One kg of dry air at \(15~^\circ\mathrm{C}\) is isothermally compressed to one–tenth of its initial volume. The work done on the system is ______________________________________ kJ. (Round off to the nearest integer) [Use the gas constant for dry air \(R=287~\mathrm{J\,kg^{-1}\,K^{-1}}\).]

Hint:

Memorize: For isothermal ideal gas, \(W_{\text{on}}=mRT\ln\!\left(\dfrac{V_1}{V_2}\right)=mRT\ln\!\left(\dfrac{p_2}{p_1}\right)\). The result scales linearly with \(T\) and \(\ln\) of the compression ratio.

Answer 1

Correct Answer: 189

Step 1 (Process identification).
\(\Rightarrow\) Isothermal, ideal-gas compression \(\Rightarrow\) \(T=\) constant and \(pV=\text{const}\) for a fixed mass. The exact work for an isothermal ideal-gas process is obtained by integrating \(W_{\text{by}}=\int p\,\mathrm{d}V\) with \(p=\dfrac{mRT}{V}\):
\[ W_{\text{by}}=\int_{V_1}^{V_2}\frac{mRT}{V}\,\mathrm{d}V=mRT\ln\!\left(\frac{V_2}{V_1}\right). \]

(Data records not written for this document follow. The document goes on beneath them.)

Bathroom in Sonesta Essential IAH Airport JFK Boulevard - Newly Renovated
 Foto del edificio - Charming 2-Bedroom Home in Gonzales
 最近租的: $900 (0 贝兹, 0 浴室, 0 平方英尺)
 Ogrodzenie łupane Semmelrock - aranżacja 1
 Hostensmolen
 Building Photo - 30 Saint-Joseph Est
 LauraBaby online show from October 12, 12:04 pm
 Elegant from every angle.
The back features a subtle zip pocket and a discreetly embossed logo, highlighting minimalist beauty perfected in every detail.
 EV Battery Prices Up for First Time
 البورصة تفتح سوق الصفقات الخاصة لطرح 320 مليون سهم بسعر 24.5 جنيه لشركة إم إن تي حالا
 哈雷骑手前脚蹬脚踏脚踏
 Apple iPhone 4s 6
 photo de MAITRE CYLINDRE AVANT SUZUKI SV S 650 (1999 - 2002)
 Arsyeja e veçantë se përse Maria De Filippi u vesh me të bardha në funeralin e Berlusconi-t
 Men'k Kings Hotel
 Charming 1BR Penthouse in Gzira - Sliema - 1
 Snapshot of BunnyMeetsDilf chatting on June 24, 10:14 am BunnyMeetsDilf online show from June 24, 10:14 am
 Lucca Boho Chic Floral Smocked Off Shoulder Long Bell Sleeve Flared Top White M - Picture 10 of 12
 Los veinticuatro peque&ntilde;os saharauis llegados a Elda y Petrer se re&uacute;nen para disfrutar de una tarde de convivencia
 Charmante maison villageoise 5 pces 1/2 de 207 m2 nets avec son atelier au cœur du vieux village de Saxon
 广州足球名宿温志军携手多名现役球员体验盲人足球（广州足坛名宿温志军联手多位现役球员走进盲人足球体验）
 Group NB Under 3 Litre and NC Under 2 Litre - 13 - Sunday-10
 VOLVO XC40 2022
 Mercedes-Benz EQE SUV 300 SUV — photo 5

Step 2 (Numerical values and sign convention).
Given \(m=1~\mathrm{kg}\), \(T=15^\circ\mathrm{C}=288.15~\mathrm{K}\), and \(V_2/V_1=0.1\). \[ W_{\text{by}}=(1)(287)(288.15)\ln(0.1). \] Compute the product: \(287\times 288.15=82{,}699~\mathrm{J\,kg^{-1}}\). \(\ln(0.1)=-2.302585\). Hence \[ W_{\text{by}}=82{,}699\times(-2.302585)=-190{,}400~\mathrm{J}. \]

Step 3 (Work on the system).
By the usual sign convention, compression gives negative work \emph{by} the system. The work \emph{on} the system is the negative of this value: \[ W_{\text{on}}=-W_{\text{by}}=190{,}400~\mathrm{J}=190.4~\mathrm{kJ}. \]

Step 4 (Unit and sanity check).
Isothermal compression by a factor of \(10\) typically gives \(W_{\text{on}}=mRT\ln(10)\approx (1)(287)(288)\times 2.303\approx 190~\mathrm{kJ}\) — consistent. Final Answer:
\[ \boxed{190~\text{kJ}} \]